Enfin, troisième enjeu : consolider nos relations bilatérales avec l’un des pays les plus francophones d’Europe orientale. Les entreprises françaises, qui comptent parmi les principaux investisseurs dans le pays et emploient près de 4 000 personnes, croient au potentiel de la Moldavie. Elles profiteront de l’amélioration attendue de l’état de droit, du climat des affaires, de conditions d’investissement facilitées, ainsi que des avancées permises par l’accord, par exemple en matière de protection des indications géographiques. La France y a accordé une attention particulière au cours de la négociation.

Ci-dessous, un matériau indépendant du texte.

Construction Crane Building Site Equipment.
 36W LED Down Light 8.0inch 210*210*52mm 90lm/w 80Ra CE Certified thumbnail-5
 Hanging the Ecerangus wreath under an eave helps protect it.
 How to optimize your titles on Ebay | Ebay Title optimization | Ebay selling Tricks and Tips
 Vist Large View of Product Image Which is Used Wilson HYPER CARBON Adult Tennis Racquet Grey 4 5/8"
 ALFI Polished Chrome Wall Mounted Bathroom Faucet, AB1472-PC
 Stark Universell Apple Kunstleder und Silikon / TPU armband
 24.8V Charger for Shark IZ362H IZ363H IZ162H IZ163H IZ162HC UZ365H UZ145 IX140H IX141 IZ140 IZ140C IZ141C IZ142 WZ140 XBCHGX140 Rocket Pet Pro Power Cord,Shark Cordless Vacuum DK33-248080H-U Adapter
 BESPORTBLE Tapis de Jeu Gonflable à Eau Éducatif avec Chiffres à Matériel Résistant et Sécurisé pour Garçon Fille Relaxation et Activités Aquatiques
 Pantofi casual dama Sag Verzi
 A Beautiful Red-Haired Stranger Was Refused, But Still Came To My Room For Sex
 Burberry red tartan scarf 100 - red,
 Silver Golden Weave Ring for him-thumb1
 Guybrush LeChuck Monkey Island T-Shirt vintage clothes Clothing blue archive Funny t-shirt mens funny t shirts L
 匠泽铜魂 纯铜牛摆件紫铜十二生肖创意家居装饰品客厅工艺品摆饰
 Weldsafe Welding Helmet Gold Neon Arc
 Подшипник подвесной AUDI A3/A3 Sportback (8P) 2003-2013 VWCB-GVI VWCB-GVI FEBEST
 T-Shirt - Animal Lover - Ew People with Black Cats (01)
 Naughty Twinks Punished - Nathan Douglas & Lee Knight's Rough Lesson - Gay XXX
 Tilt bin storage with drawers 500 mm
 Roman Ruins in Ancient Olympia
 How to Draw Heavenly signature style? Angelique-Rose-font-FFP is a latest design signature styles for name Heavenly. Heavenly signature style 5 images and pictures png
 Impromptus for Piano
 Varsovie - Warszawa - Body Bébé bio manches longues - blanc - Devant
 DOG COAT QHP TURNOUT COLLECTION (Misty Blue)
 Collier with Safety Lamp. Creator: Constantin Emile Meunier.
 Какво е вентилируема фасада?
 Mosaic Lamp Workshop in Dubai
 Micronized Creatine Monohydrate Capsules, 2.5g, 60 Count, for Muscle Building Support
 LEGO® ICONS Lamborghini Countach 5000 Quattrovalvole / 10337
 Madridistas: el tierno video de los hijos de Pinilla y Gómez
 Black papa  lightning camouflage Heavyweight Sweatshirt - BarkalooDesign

Telles sont, monsieur le président, madame la rapporteur, mesdames, messieurs les sénateurs, les principaux objectifs de cet accord d’association entre l’Union européenne et la République de Moldavie faisant l’objet du projet de loi qui est aujourd’hui proposé à votre approbation.
En apportant votre soutien à cet accord d’association, vous témoignerez de l’amitié profonde qui lie la France à la Moldavie et ouvrirez une nouvelle perspective pour ce pays qui nous est cher. Vous contribuerez aussi à renforcer la démocratie, la stabilité et la paix aux frontières de l’Union européenne.